Let F*(·|μ) denote the cdf of housing distress in the general population of this neighborhood in this month. We assume that this distribution is indexed by a single parameter μ that moves the distribution but does not deform it:

$$F^{\ast }(z|\mu )=F^{\ast }(z+x|\mu +x)\text{for all}z,\mu ,x.$$

This variable μ includes such influences as general macroeconomic conditions, housing market conditions, and DHS policies.

For each z let p(z) denote the proportion of the population with housing distress z who arrive at Homebase. Let

$$f(z|\mu )=p(z)d{F}^{\ast }(z|\mu )$$

and

$$F(z|\mu )={\int }_{-\infty }^{z}f(z^{\prime }|\mu )d{z}^{\prime }.$$

Then F(·|μ) is cumulative distribution of the population who seek out Homebase. It is easy to show that this distribution, like its parent distribution, is indexed by the single location parameter μ that moves the entire distribution but does not deform it:

$$F(z|\mu )=F(z+x|\mu +x)\text{for all}z,\mu ,x.$$

In particular then,

$$\frac{\partial F(z|\mu )}{\partial \mu }=-f(z|\mu ).$$

Let P(μ) denote the population who seek out Homebase

$$P(\mu )={\int }_{\infty }^{\infty }f(z^{\prime })d{z}^{\prime }.$$

Then the number of families that Homebase serves is P(μ) − F(Z₀|μ), the number of Homebase families who would become homeless without Homebase is P(μ) − F(Z₁|μ), the number of families who become homeless when Homebase is operating (the treatment failures) is P(μ) -F(Z₂|μ), and the number of entries that Homebase averts is (F(Z₂|μ) −F(Z₁ |μ)). The number of families who enter the shelter system is the sum of the Homebase treatment failures and the families above the untreated homelessness threshold who did not visit Homebase:

$${\int }_{Z_1}^{\infty }d{F}^{\ast }(z^{\prime })-(F(Z_2|\mu )-F(Z_1|\mu ))={\int }_{Z_2}^{\infty }d{F}^{\ast }(z^{\prime }|\mu )+{\int }_{Z_1}^{Z_2}(1-p(z^{\prime }))d{F}^{\ast }(z^{\prime }|\mu ).$$

Counterfactual entries–the number of families who would enter the shelter system in the absence of Home-base is simply ${\int }_{Z_1}^{\infty }d{F}^{\ast }(z^{\prime }|\mu )$.

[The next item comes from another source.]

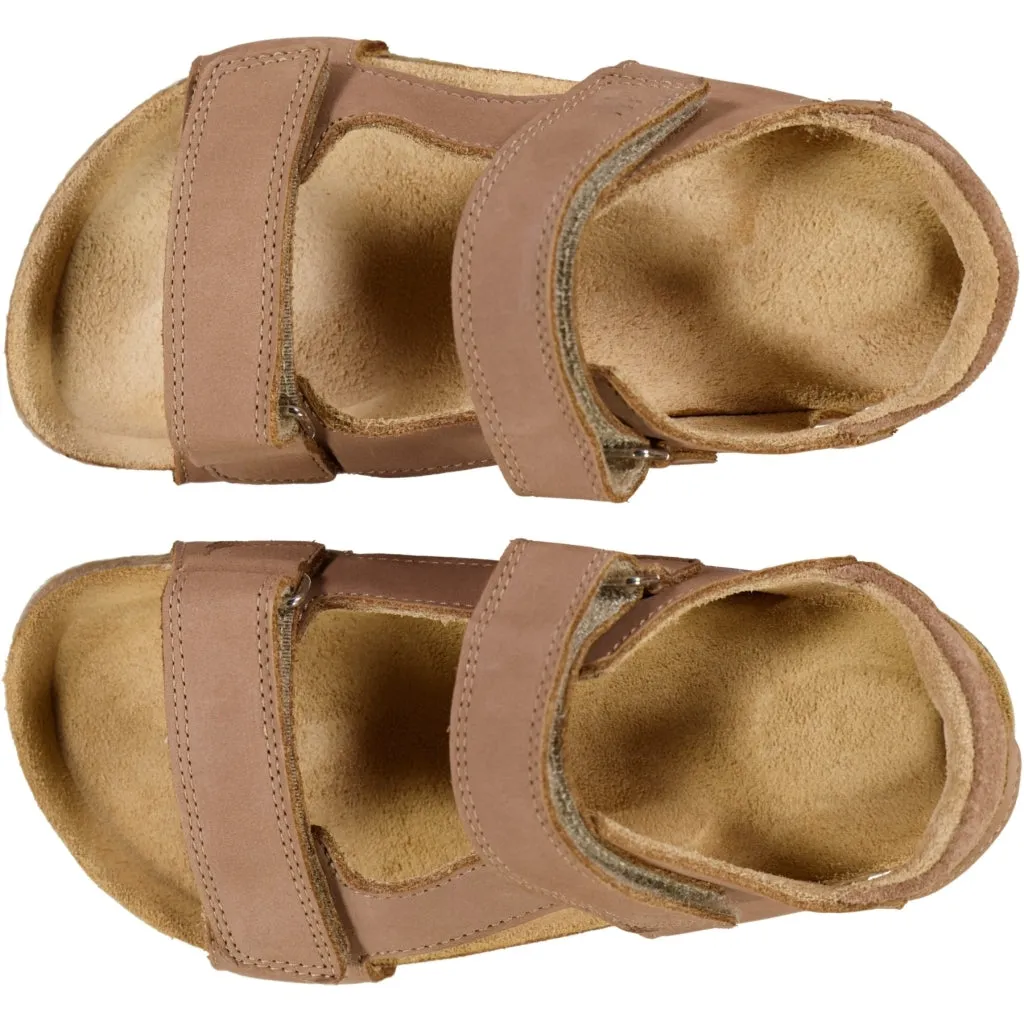 Corey sandal - cartouche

A.1.1. Non-administrative variation

Variation among months and neighborhoods not caused by DHS or Homebase operators is caused by variation in μ. Let μ increase. Housing market distress becomes greater (and assume no administrative response for now). The change in counterfactual homelessness is dF_*(Z₁|μ) > 0. The first question is whether greater counterfactual homelessness is associated with more averted homelessness or less. The change in averted homelessness is

$$\frac{\partial }{\partial \mu }(F(Z_2|\mu )-F(Z_1|\mu ))=f(Z_1|\mu )-f(Z_2|\mu )$$

Thus if f(·) is falling in the range where Homebase averts entries, more counterfactual homelessness coincides with more entries averted; if f(·) is flat, entries averted are unchanged; and if f(·) is rising, more counterfactual homelessness coincides with fewer entries averted.

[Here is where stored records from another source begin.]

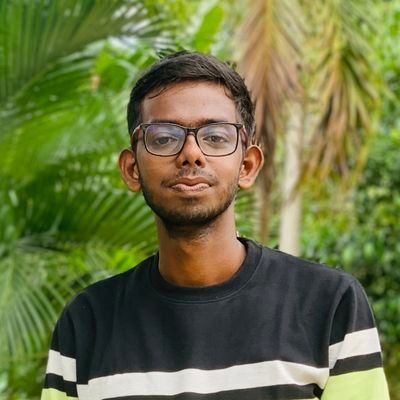 avatar for sahithyandev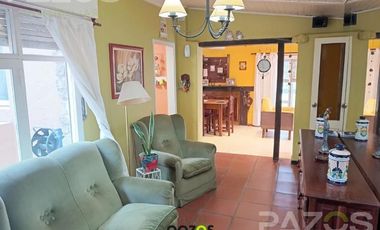 Casa en venta 2 ambientes en Sierra de los Padres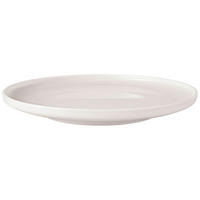FRÜHSTÜCKSTELLER Afina  22 cm   - Weiß, LIFESTYLE, Keramik (22cm) - Villeroy & Boch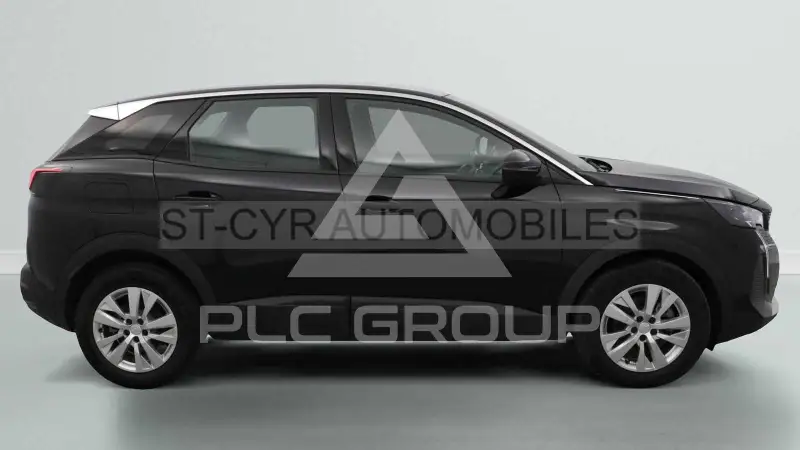 2024 Peugeot 3008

A priori we cannot say whether the pdf f(·) is rising, flat, or falling in the relevant range. If the population distribution F_*(·) is unimodal (normal, for instance), and the relevant population for Homebase has greater than modal distress, then the pdf of F_*(·) will be decreasing in the relevant range. But p(·) might be rising (for instance, if families who think they are more likely to derive benefit are more likely to visit Homebase, and if they are reasonably well informed). So no definitive statement about f(·) can be made.

We begin by examining two special cases, and then look at the general case. For the most part, we will assume that DHS does not actively respond to changes in housing distress, but instead accommodates them. That is an expositional tool. In the next section, we will investigate what happens when DHS takes active steps, either because of changes in housing distress or for some other reason. If DHS always responds to changes in housing distress in a particular way, then the data will show just the compound effect of the housing distress change and the administrative change.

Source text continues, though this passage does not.